→ **WHAT THIS TASK INVOLVES**:
Reproduce exactly the lines below from the one containing "Amazon.co.jp: クリスタルオーナメント透明猿ガラス動物置物手作り" through the one containing "Blau und Rot", including both, and nothing else.

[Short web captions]
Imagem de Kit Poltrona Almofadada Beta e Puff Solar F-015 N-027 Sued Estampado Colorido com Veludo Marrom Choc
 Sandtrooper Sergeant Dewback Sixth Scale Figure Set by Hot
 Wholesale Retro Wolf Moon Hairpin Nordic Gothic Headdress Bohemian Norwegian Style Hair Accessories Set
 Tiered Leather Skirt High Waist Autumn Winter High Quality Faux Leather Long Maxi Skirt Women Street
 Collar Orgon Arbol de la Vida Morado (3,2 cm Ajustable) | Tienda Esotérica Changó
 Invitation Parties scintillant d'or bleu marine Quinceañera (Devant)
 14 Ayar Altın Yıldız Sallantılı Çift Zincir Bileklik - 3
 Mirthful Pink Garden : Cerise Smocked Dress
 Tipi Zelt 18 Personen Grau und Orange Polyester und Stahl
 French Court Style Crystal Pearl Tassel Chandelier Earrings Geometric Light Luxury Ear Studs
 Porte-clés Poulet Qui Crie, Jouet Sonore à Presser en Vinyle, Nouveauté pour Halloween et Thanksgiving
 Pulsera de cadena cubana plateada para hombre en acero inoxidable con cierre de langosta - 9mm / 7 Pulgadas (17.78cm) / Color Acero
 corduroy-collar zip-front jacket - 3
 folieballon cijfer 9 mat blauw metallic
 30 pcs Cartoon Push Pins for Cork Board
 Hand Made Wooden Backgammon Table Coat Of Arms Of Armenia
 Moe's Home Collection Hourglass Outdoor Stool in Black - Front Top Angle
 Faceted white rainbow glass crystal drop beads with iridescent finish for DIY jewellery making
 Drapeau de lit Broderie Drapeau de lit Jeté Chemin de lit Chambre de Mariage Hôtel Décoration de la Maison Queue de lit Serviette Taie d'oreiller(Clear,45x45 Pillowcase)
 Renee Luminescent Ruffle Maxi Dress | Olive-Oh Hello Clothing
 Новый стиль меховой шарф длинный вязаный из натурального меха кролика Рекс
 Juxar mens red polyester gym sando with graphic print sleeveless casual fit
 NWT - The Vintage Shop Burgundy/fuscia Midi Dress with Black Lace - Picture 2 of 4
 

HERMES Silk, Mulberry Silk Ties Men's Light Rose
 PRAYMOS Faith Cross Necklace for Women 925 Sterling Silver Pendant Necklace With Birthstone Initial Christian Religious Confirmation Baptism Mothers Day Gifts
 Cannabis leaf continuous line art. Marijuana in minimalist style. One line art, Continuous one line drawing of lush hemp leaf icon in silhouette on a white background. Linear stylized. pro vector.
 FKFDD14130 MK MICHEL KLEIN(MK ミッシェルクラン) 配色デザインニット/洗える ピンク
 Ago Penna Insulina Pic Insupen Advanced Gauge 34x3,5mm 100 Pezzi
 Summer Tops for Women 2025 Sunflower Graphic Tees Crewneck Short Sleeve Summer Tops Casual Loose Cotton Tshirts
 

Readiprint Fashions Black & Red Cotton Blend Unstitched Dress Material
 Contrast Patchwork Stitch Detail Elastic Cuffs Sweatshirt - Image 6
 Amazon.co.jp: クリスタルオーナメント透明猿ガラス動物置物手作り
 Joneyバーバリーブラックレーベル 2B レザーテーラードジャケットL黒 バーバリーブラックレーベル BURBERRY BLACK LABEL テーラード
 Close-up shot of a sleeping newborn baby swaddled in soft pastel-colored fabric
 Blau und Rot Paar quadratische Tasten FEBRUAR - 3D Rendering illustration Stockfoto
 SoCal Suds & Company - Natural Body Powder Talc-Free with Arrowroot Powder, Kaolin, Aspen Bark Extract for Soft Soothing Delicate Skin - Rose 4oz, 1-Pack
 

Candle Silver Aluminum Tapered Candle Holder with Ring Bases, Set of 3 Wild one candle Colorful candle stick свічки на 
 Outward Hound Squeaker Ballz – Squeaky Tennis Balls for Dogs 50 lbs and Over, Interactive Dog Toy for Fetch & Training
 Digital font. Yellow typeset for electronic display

→ **SOLUTION TO THE PROBLEM**:
 Amazon.co.jp: クリスタルオーナメント透明猿ガラス動物置物手作り
 Joneyバーバリーブラックレーベル 2B レザーテーラードジャケットL黒 バーバリーブラックレーベル BURBERRY BLACK LABEL テーラード
 Close-up shot of a sleeping newborn baby swaddled in soft pastel-colored fabric
 Blau und Rot Paar quadratische Tasten FEBRUAR - 3D Rendering illustration Stockfoto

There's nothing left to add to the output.